太田 私は、フランシスコ・ザビエル(1506〜1552)が1549年に日本に来て以降、一貫してユダヤ・イルミナティの日本に対する戦争は継続していると考えています。フランシスコ・ザビエルというのはイエズス会の創立メンバーの一人で、イグナティウス・デ・ロヨラ(1491〜1556)につぐナンバー・ツーです。ザビエルとロヨラが2人で相談して、ヨーロッパとアフリカと新大陸はロヨラが、インド以東アジアはザビエルが布教するというふうに協定したのです。
  日本人はザビエルという人物の正体というか重要性にまったく気づいていません。ザビエルはインドからマラッカ経由で日本に来ました。ザビエルの役割は単なるキリスト教の伝道師ということだけではありません。彼はイルミナティの世界支配の将校、斥候というか将軍くらいの役割を持って日本に来たのです。
  日本に4年足らずいて、たちまち信者をつくっていったのですが、そんなことが目的ではなく、日本の値踏みをするというか、日本を徹底的に調べ尽くして、どのように処分するかという戦略を立てて、彼らの根拠地を日本につくることにありました。ザビエルは1年半かそこらでイエズス会の本部に報告書を出しています。
  「日本はヨーロッパと対等か、もしかするとはるかに優れた水準の文明をつくっている。しかもまったく付け込む隙のないような強力な軍隊を持っている、民族として団結している」という報告をしています。
  だから彼らにとって、日本は危険な存在だと見抜いたのです。そこで、日本人全部をキリスト教に改宗させ、精神的に彼らの奴隷にするか、それができなければ殺すしかないという選択に迫られたわけです。日本を最終的に奴隷にするか、キリスト教徒にするには、南米とかアフリカでは部族を全部征服して、部族ごとキリスト教に改宗させることを強要し、集団洗脳しました。日本人は読書する能力もあり、そういうことはできなかったのです。
  そこで、文章による教育、布教が必要だと認識しました。そのため、宣教師は日本語を勉強して洋書のポルトガル語辞典をつくったりし、早い時期からさまざまな日本語を翻訳したりしています。このような文章による布教により、日本人の精神を洗脳するという戦略を行使したわけです。

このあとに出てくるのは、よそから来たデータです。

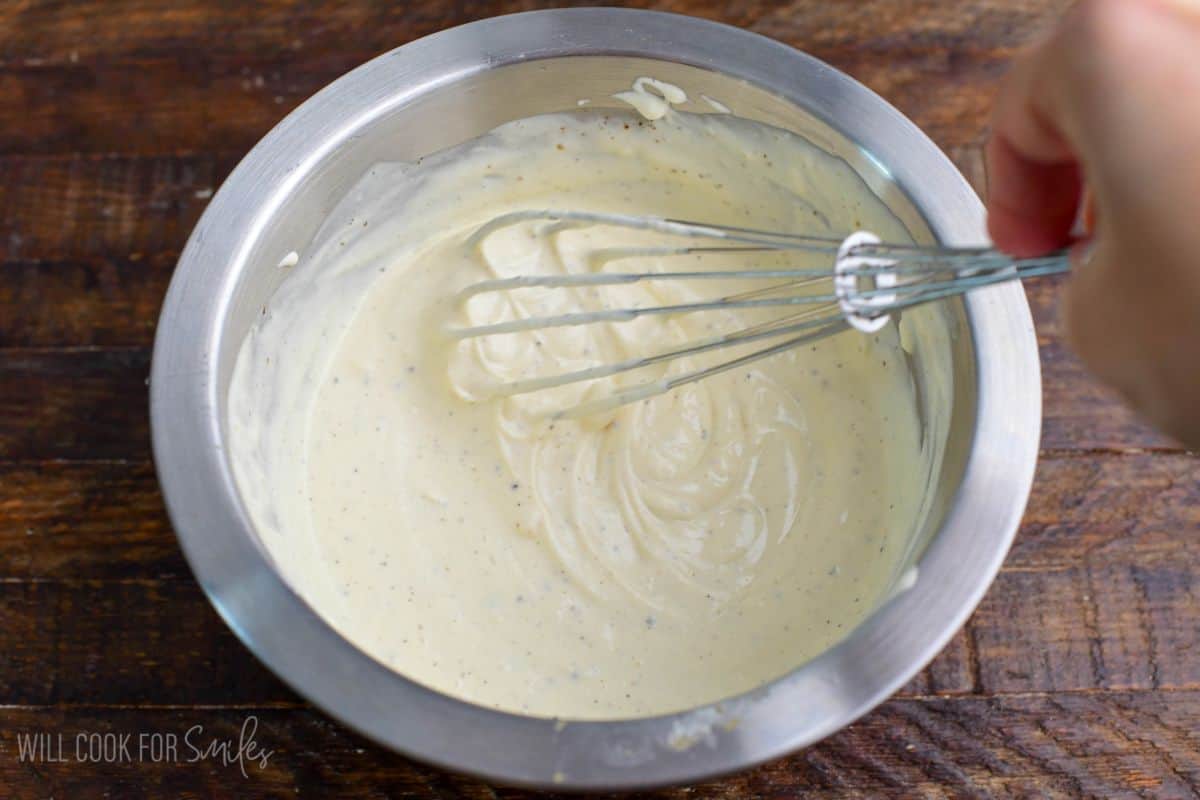 Creamy potato salad dressing whisked together in a mixing bowl until smooth and well combined.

  中国に対しては、日本よりはるかに大きな世界最大の国家ですから、これをどのように処分するかについて、ザビエルは中国にしばらく滞在して方針を立てて、報告書をローマ本部に送っています。
  そのとき以降、彼らの日本に対する方針は一貫しています。つまり、精神的に日本を日本人でないようにするための方針、アジアに対しては武力による侵略を行使するという方針を立てます。最終的に、米軍が日本を占領して原爆を投下して、恐怖に陥れるわけです。アメリカや西洋の文化を押し付け、日本の歴史を否定し、頭脳を変えてしまいました。
  いまでもこの方針は続いています。精神的に心理的に、習慣・風俗・食べ物などすべてにわたって日本的なものを全部変えてしまうわけです。そして抵抗するものは排除します。そういうふうにして日本に対する一貫した工作が行なわれているということを、日本人は知らなければならないと思うのです。

ミニ解説
  本書は、人類を支配していると思われるイルミナティや異星人などの「闇の権力」に関して、船井幸雄氏、太田龍氏が対談方式で語り合った内容がまとめられています。お二人の、よく整理された該博な知識には感嘆させられます。もちろん、実際の対談の後で加筆修正された部分も多いとは思いますが、これからの世の中の変化を占う上で参考になる情報が盛りだくさんです。
  しいて言えば、船井氏の発言の中で、私が「終末」と考えている今日の世の中のとらえ方や日月神示の解釈などについては、少し違和感を感じる点があります。
  また、太田氏の発言の中で「ユダヤ教、キリスト教、イスラム教などの世界宗教は、イルミナティの人類支配のための道具としてつくられた」という内容は、おそらくデーヴィッド・アイクの説をベースにされたものと見られますが、私から見れば牽強付会の印象はぬぐえません。ここでは、幕末に関する太田龍氏の発言のご紹介に留めました。関心のある方は本書を入手してご自分で検証してみてください。